__Work to be completed__:
Go through the records and report each line in which the word "Toyota" occurs.

**** Provided records

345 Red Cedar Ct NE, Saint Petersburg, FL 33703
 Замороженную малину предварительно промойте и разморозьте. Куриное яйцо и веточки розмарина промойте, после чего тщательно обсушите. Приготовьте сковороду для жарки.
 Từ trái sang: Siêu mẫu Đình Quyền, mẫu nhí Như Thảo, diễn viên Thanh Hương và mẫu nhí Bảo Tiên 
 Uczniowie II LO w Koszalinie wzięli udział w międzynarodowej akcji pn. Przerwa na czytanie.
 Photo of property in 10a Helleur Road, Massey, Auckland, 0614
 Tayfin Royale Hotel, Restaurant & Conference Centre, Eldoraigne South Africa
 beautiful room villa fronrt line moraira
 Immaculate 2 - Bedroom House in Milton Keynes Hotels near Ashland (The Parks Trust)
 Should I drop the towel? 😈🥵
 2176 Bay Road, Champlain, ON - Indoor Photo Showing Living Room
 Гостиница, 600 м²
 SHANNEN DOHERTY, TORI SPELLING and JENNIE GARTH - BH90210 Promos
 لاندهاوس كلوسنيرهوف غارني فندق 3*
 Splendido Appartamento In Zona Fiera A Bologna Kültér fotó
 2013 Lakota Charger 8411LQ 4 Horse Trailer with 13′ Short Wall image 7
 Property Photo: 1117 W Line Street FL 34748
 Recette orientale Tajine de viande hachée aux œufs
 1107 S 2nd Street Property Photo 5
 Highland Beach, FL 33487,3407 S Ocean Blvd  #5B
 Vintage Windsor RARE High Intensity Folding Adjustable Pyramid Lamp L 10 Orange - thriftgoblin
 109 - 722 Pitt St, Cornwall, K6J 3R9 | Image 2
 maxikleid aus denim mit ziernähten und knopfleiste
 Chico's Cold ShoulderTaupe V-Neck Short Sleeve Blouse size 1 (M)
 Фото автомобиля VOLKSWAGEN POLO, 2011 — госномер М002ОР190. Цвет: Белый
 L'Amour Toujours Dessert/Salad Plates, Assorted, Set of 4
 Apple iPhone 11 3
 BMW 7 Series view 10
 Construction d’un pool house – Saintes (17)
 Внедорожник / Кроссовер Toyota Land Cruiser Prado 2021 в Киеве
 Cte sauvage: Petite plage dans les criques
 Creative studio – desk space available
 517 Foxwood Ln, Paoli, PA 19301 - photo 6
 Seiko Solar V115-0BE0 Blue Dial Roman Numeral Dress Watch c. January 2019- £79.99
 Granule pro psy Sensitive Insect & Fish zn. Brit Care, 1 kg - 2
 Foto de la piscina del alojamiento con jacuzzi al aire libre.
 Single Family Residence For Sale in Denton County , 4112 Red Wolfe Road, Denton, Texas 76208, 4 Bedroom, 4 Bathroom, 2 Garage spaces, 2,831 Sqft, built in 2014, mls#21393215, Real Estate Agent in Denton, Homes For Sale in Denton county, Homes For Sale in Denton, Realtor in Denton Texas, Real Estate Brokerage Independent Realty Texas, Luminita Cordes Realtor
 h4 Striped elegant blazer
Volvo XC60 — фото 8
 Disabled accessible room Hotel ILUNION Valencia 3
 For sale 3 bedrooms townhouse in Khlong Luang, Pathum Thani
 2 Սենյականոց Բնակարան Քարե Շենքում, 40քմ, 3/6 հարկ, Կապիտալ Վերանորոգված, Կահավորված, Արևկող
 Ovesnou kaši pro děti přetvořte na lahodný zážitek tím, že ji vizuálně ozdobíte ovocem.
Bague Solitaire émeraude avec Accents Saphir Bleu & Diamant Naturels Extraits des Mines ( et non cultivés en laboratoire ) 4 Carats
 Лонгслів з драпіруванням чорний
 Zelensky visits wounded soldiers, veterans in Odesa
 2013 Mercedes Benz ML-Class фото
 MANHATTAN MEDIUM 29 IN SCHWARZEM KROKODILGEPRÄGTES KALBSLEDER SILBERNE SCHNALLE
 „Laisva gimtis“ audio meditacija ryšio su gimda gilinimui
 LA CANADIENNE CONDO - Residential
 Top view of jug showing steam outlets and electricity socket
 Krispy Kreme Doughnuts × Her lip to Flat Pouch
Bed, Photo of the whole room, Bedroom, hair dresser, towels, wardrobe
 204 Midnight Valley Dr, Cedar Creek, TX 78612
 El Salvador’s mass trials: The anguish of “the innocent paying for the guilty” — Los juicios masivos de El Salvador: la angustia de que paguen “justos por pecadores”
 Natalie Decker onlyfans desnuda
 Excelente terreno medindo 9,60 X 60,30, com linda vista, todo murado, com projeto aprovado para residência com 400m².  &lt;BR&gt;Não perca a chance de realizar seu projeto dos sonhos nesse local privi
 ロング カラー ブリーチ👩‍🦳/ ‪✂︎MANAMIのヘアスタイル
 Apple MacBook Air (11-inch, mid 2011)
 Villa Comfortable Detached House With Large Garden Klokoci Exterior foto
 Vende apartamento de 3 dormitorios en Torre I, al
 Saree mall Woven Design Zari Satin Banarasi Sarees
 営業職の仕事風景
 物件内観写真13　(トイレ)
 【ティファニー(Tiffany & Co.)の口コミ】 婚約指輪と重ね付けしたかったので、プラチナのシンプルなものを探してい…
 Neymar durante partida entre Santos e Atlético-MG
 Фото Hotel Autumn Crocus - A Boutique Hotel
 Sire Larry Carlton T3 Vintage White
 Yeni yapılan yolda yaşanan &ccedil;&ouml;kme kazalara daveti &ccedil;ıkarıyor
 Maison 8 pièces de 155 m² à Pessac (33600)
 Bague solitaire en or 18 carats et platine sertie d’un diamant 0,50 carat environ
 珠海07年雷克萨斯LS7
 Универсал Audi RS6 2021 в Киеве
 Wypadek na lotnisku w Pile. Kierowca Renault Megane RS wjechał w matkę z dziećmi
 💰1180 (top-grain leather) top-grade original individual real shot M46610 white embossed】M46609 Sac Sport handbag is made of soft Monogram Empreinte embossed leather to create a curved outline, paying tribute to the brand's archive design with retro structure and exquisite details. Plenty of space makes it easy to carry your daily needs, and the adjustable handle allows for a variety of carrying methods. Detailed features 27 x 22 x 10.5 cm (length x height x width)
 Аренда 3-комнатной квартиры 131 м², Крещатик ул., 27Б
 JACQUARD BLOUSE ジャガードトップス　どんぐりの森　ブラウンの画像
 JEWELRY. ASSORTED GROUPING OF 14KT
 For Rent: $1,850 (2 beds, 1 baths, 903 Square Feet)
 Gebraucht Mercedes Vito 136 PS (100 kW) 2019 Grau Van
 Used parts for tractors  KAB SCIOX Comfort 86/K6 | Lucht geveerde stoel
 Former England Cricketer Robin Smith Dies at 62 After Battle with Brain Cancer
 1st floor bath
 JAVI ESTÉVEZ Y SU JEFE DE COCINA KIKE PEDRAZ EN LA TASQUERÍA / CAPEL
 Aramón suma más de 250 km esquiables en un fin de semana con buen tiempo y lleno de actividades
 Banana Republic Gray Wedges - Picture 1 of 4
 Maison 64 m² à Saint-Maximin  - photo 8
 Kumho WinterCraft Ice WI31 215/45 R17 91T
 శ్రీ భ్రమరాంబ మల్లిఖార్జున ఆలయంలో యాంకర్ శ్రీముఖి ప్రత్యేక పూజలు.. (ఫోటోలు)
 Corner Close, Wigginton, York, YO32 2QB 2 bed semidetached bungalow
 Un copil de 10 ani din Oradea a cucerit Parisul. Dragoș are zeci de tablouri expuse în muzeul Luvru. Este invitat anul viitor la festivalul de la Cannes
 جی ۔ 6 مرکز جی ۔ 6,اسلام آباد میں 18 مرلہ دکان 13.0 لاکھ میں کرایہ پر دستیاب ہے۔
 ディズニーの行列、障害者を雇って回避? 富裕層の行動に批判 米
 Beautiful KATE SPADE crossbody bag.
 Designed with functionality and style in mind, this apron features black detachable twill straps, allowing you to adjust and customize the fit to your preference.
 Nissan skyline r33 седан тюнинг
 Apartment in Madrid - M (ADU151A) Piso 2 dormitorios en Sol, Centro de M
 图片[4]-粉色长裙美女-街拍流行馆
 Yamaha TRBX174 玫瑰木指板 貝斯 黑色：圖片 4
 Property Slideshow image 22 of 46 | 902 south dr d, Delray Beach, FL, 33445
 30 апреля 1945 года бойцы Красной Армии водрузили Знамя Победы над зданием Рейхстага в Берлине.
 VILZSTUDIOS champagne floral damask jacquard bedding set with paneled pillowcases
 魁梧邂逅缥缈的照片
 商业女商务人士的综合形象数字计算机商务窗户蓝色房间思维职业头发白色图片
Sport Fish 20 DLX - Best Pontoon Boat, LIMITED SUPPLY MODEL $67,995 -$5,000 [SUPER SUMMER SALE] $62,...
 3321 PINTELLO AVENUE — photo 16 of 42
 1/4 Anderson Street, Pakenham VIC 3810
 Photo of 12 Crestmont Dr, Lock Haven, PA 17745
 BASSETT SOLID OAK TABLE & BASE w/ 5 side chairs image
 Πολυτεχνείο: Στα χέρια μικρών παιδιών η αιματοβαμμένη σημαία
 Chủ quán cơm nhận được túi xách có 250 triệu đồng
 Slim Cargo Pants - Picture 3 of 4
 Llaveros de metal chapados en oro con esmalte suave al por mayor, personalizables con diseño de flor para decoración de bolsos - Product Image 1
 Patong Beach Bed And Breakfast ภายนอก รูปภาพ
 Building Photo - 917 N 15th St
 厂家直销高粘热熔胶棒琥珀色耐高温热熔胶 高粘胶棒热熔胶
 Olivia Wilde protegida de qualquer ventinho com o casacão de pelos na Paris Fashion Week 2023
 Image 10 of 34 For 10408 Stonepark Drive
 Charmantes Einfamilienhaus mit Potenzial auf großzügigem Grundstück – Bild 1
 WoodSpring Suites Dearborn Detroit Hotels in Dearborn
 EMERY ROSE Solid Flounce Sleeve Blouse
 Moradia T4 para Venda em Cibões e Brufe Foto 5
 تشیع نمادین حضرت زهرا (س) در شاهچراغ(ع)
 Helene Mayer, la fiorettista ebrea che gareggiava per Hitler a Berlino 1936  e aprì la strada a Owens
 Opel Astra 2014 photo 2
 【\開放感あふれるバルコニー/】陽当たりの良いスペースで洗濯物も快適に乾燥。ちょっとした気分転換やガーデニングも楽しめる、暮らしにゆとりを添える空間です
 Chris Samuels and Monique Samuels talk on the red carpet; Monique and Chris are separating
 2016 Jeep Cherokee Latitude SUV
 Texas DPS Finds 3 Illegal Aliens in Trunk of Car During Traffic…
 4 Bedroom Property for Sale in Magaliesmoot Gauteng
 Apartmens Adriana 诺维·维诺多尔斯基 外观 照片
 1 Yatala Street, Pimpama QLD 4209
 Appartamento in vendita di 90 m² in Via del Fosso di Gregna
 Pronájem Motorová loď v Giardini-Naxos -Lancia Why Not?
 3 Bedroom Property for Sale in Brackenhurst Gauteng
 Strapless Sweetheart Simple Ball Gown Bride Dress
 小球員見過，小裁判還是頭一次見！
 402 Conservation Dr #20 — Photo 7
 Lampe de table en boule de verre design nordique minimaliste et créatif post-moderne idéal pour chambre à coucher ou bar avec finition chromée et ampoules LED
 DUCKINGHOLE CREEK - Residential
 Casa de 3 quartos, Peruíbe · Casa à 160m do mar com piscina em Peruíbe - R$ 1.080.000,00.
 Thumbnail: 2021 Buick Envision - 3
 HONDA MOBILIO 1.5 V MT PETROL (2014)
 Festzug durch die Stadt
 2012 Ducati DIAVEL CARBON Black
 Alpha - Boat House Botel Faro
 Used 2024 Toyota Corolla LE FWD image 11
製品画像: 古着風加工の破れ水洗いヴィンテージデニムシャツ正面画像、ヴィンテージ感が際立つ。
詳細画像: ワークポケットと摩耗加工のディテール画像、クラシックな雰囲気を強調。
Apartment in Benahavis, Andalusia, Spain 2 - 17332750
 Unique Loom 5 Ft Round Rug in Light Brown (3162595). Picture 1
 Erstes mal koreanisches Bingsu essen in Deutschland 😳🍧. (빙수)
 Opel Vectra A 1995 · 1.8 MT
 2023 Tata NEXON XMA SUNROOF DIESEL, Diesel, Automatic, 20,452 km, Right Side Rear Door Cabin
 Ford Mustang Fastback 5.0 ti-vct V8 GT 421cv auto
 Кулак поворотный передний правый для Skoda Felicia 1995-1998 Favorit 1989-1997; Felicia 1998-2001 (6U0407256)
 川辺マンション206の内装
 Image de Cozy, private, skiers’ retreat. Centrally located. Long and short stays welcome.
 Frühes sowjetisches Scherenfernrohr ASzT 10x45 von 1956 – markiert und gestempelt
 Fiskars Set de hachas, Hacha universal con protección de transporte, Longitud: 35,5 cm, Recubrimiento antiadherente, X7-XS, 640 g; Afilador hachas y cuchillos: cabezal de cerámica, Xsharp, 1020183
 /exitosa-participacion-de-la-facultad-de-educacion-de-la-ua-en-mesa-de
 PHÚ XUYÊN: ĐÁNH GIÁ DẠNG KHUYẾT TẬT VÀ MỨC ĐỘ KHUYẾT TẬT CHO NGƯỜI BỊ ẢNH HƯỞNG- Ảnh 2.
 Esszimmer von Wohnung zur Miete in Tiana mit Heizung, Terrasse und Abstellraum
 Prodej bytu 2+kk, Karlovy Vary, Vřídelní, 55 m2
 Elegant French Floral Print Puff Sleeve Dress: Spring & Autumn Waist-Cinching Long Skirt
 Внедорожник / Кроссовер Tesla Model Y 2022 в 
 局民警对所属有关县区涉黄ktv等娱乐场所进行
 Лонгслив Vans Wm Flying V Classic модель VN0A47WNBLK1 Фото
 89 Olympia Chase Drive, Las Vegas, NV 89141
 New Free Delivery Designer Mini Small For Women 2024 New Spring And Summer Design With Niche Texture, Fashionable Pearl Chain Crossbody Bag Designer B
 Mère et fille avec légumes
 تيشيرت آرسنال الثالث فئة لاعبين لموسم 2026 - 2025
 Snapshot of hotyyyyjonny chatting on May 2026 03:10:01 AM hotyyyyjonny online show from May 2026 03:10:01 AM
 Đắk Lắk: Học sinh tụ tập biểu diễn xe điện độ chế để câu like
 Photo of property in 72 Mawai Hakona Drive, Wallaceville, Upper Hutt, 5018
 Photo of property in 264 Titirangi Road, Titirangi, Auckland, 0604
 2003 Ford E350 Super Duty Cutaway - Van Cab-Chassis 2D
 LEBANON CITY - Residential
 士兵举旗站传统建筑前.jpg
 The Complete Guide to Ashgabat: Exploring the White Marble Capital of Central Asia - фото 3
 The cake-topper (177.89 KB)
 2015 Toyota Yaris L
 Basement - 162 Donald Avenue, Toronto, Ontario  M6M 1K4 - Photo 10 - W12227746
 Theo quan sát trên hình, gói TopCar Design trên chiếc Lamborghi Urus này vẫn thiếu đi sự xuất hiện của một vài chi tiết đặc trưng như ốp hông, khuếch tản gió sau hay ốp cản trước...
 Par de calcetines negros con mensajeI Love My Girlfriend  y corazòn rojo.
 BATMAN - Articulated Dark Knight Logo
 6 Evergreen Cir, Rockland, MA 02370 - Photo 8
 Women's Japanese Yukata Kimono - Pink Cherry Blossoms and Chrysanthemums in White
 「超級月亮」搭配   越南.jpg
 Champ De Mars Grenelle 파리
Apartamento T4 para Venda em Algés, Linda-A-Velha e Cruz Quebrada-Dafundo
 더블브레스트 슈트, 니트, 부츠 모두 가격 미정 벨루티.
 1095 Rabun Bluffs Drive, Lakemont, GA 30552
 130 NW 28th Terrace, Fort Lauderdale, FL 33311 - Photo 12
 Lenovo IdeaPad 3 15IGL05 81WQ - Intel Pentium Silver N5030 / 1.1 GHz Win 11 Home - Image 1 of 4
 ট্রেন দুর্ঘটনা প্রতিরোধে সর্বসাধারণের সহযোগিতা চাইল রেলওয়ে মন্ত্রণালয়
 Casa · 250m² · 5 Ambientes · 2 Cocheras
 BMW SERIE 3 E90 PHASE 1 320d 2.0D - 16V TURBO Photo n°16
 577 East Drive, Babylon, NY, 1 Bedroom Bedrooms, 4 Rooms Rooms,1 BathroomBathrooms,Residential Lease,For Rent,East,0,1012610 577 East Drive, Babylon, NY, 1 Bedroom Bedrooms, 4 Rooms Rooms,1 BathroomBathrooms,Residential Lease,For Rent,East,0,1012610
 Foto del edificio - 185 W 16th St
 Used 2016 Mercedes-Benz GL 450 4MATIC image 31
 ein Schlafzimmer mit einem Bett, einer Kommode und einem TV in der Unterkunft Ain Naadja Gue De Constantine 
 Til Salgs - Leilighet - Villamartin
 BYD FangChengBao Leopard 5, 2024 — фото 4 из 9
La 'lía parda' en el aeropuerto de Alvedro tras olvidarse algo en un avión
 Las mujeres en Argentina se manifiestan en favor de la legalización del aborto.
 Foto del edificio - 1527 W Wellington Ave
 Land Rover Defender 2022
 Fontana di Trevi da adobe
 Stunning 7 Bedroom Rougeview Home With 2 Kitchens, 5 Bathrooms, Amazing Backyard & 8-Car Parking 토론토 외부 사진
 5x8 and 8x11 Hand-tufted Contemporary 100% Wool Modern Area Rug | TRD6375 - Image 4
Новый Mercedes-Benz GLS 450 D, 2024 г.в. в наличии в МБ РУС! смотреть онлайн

********

__Completed task__:
 Внедорожник / Кроссовер Toyota Land Cruiser Prado 2021 в Киеве
 Used 2024 Toyota Corolla LE FWD image 11
 2015 Toyota Yaris L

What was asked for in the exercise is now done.